A White House directive to close an F.B.I. criminal investigation would be highly unusual. The bureau and the Justice Department are supposed to conduct investigations free from political influence. There are instances when the White House does have a say in investigations, but they generally involve national security matters such as the arrest and capture of terrorism suspects overseas or the indictment of Chinese hackers. Those are decisions that could have global ramifications.

“It does seem like an extraordinary breach of protocol for him to get involved in that decision,” said Glen A. Kopp, a former federal prosecutor in New York. “I know of no recent circumstances when the president ordered an attorney general not to pursue a criminal matter.”

The new president’s decision is likely to frustrate investigators at the F.B.I., who are fiercely protective of their independence to follow the facts that they uncover. A declaration from Mr. Trump that he wanted inquiries about Mrs. Clinton to stop could be seen as unwarranted presidential meddling into an investigation.

Although the email investigation is closed, the F.B.I. still has an open inquiry into the Clinton Foundation. That inquiry began after the 2015 publication of the book “Clinton Cash,” which asserted that some foreign entities gave money to the foundation in return for State Department favors when Mrs.

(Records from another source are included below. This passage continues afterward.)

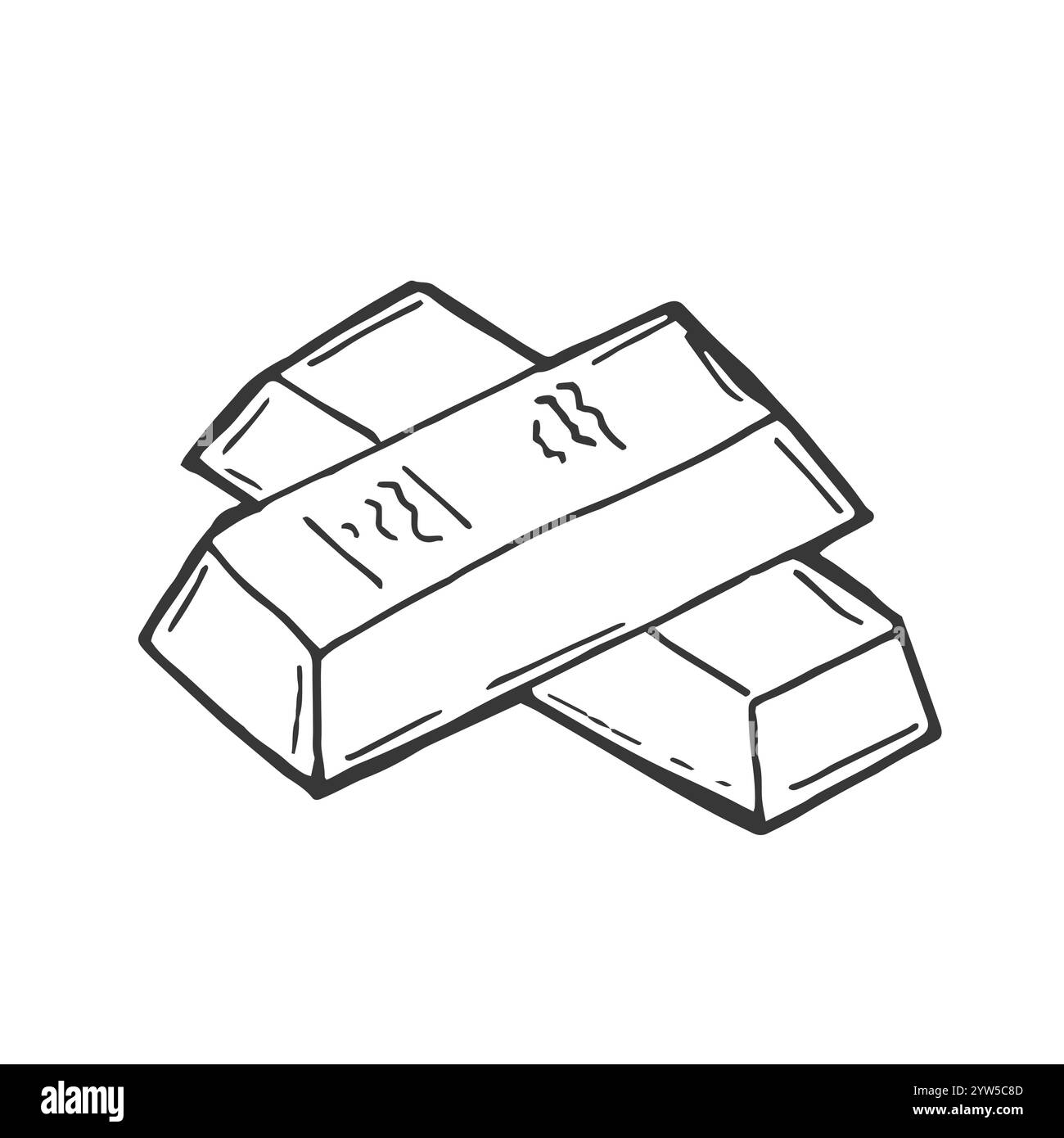 Schizzo di lingotti dorati con incisione. Gruppo di blocchi in kg del vault solidi isolati su sfondo bianco. Illustrazione Vettoriale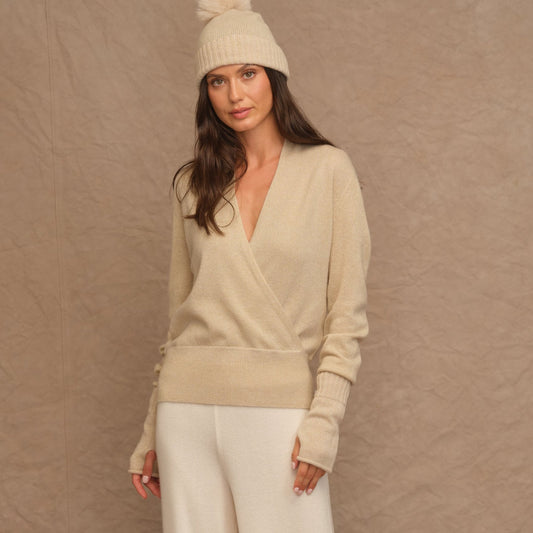 Lurex Wrap Cashmere Top  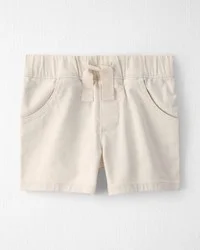 Littleplanet Toddler Boy Organic Cotton Twill Shorts, Biscuit Cream, Size 5T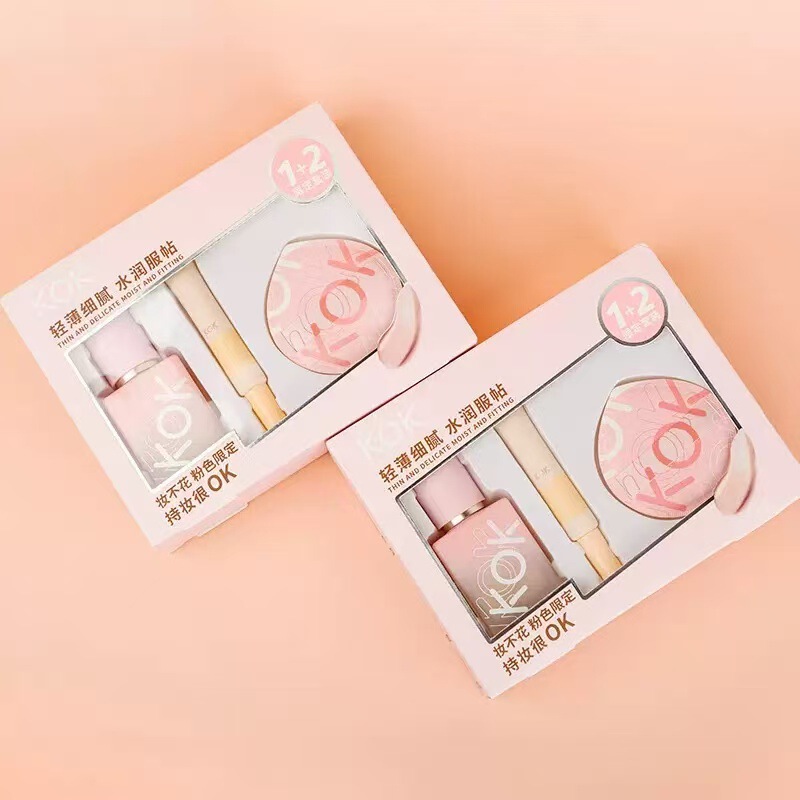 KOK ライトとシャドウ メイクアップベースセット リキッドファンデーション コンシーラー リペアソリューション パウダーパフ 4点セット 実店舗ブティックセット|undefined
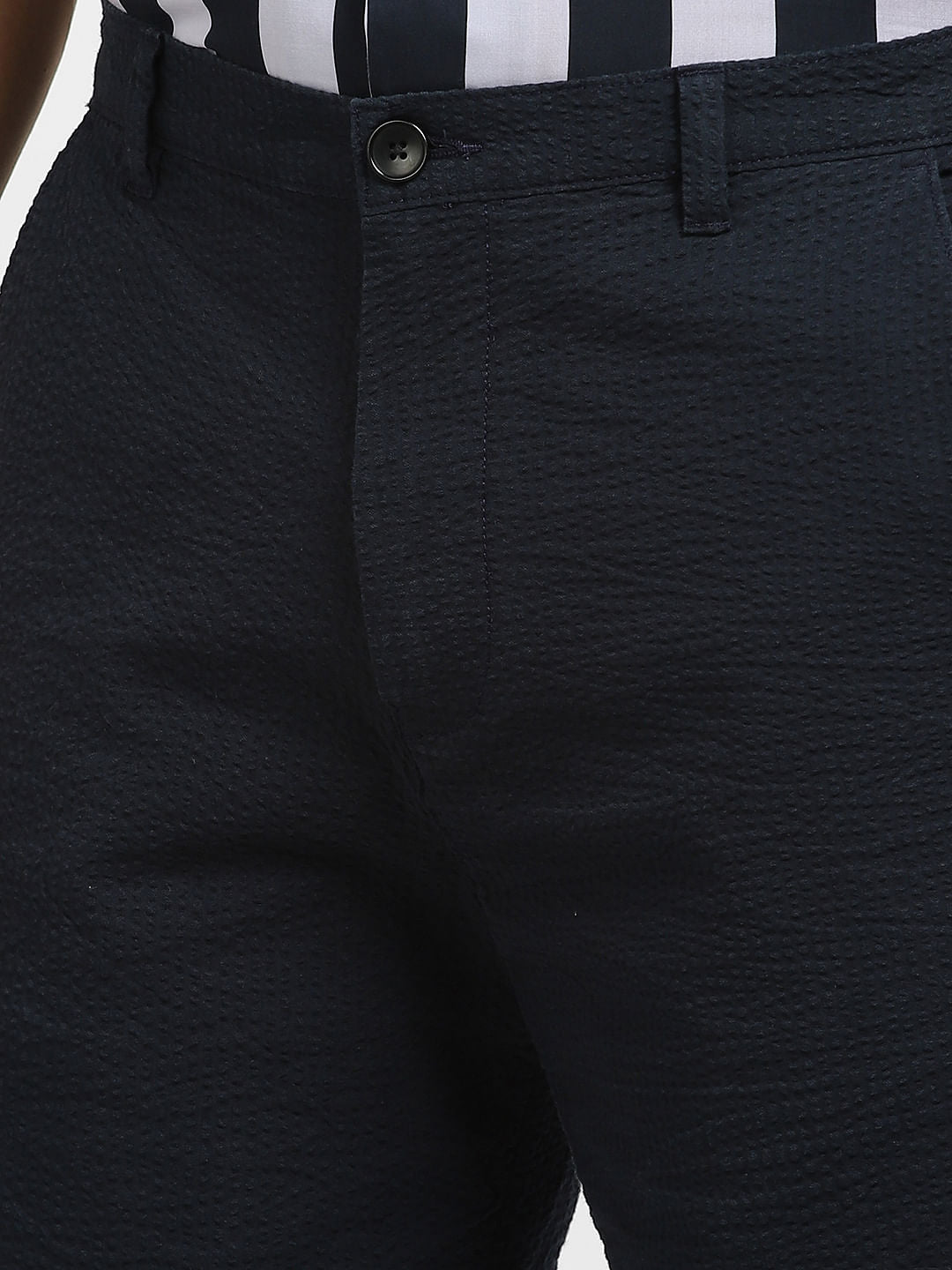 Navy Blue Mid Rise Chinos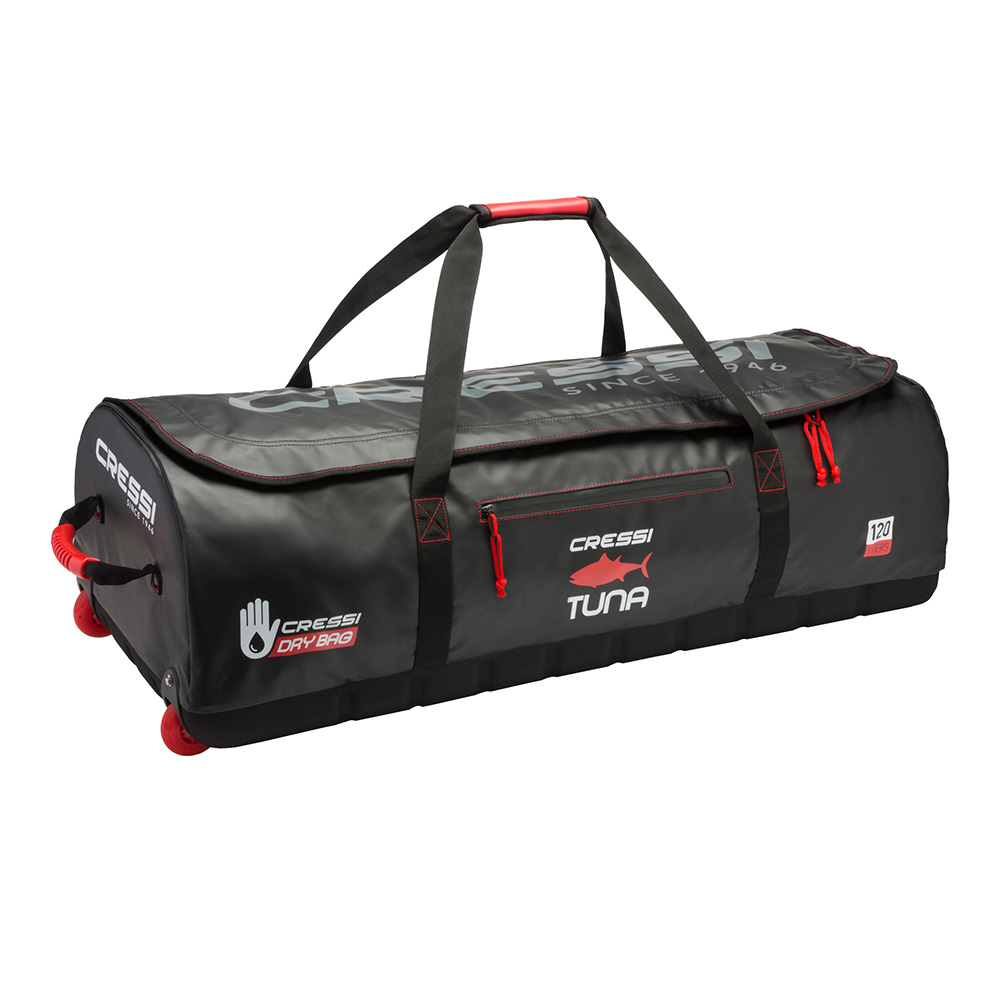 Maleta de Ruedas Impermeable CRESSI Tuna 120 Lt Negro/Rojo Para Equipo Deportivo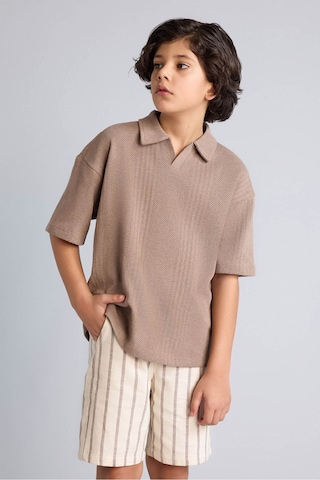 Defacto Oversıze Polo Tişört Erkek Çocuk G6128a826smbn589 Kahve-bn589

Clinton was in office. The Clintons have denied those assertions.

If, as president, Mr. Trump ordered the F.B.I. director, James B. Comey, to close the inquiry, Mr. Comey could choose to rebuff him. To insulate F.B.I. directors from political pressure, they are given a 10-year term. The president can fire a director for cause, as President Bill Clinton did in 1993 after a Department of Justice investigation uncovered ethical abuses by the F.B.I. director William S. Sessions.

Word of Mr. Trump’s intentions regarding Mrs. Clinton came as the president-elect began another day of interviewing potential cabinet officials. In an early-morning post on Twitter, Mr. Trump said that “great meetings will take place today at Trump Tower concerning the formation of the people who will run our government for the next 8 years,” apparently assuming he will serve two terms.

People close to the transition said Rudolph W. Giuliani, the former mayor of New York City who had been a leading candidate to be secretary of state, is now in the running to become the country’s director of national intelligence. That position would put him in charge of coordinating the various military and civilian intelligence-gathering operations.